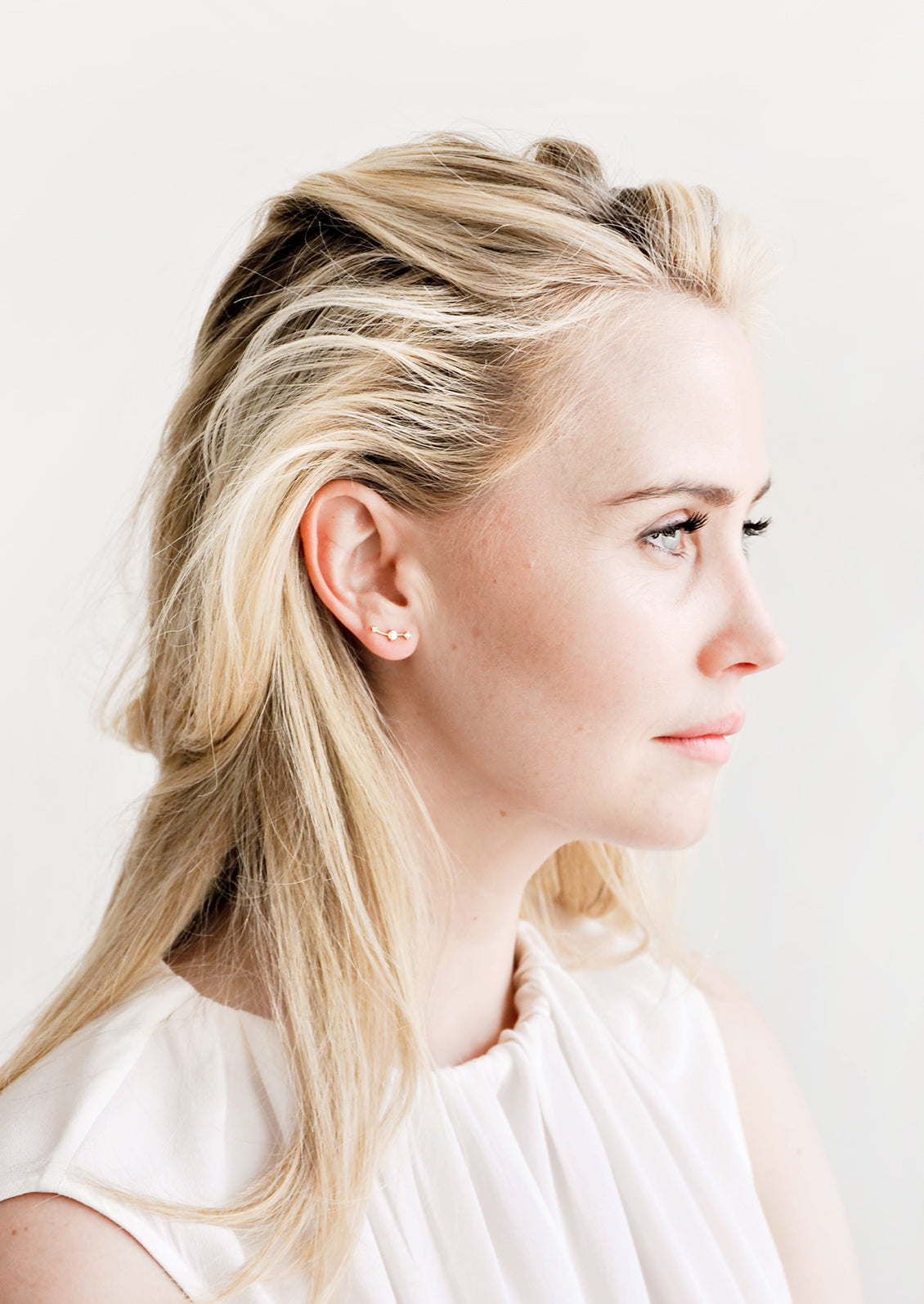 Model wearing opal and rhinestone climber-style stud earrings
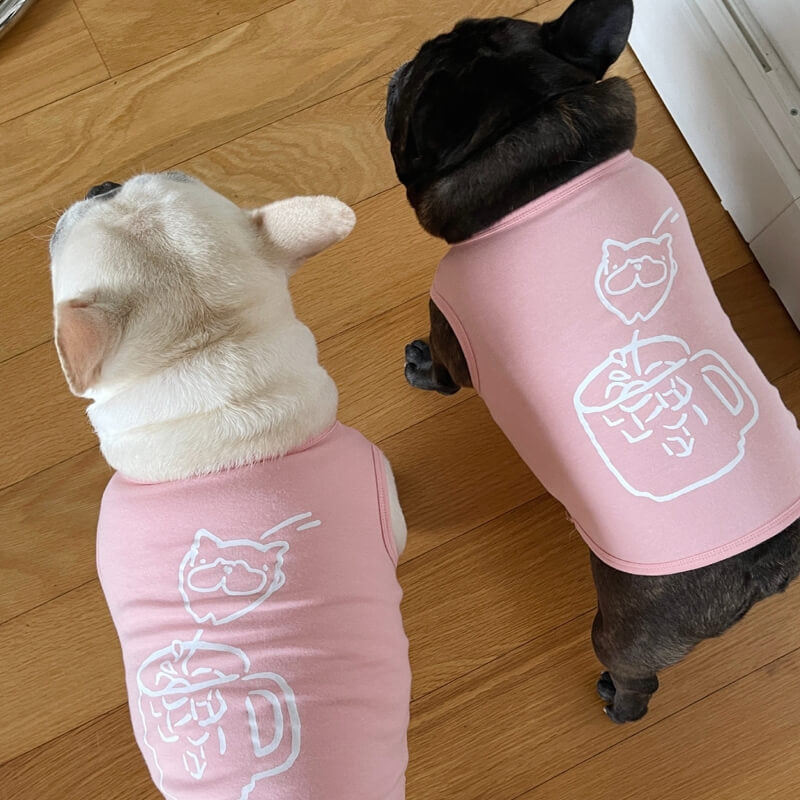 Set di magliette e gilet per cuccioli rosa abbinati per cane e proprietario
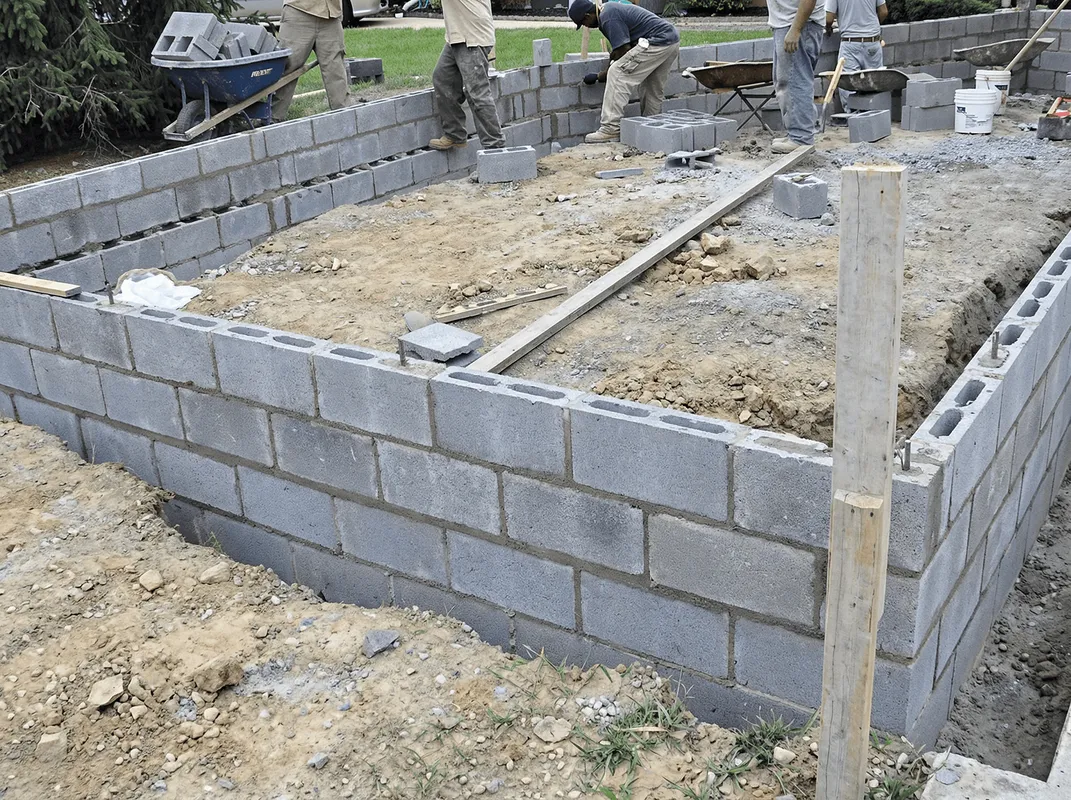 Professionals building a foundation with blocks in Richmond, VA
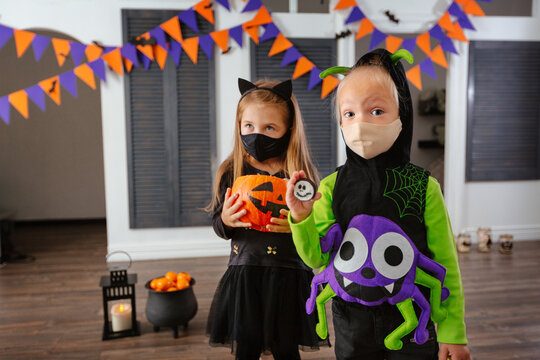 Children in Halloween costumes and with masks on their faces play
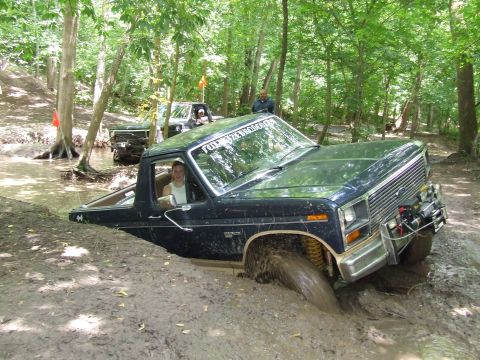 1986 Ford Bronco - A 1986 Ford Bronco navigates a muddy off-road course, with another vehicle visible in the background.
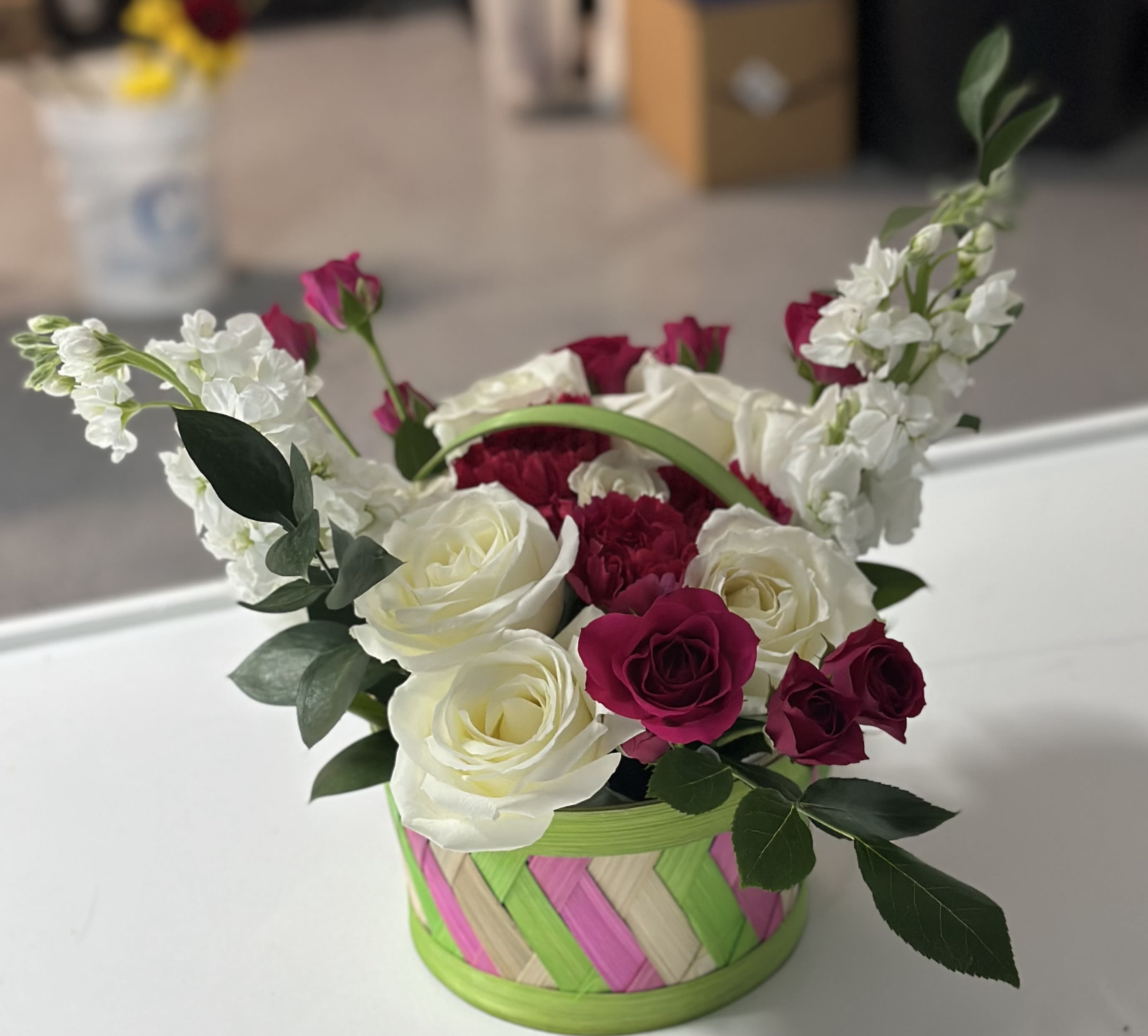 Spring Carousel Spring Carousel - A spring bouquet bursting with vibrant colors and fragrant blooms, featuring an enchanting mix of carnations, spray roses and roses, that capture the essence of the season's renewal and beauty.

What you are asked to do
Could you restate the entries word for word, skipping any pictures?

Task solution
 Model wearing opal and rhinestone climber-style stud earrings
 Set di magliette e gilet per cuccioli rosa abbinati per cane e proprietario
 Professionals building a foundation with blocks in Richmond, VA
 Children in Halloween costumes and with masks on their faces play
 1986 Ford Bronco - A 1986 Ford Bronco navigates a muddy off-road course, with another vehicle visible in the background.
 Spring Carousel Spring Carousel - A spring bouquet bursting with vibrant colors and fragrant blooms, featuring an enchanting mix of carnations, spray roses and roses, that capture the essence of the season's renewal and beauty.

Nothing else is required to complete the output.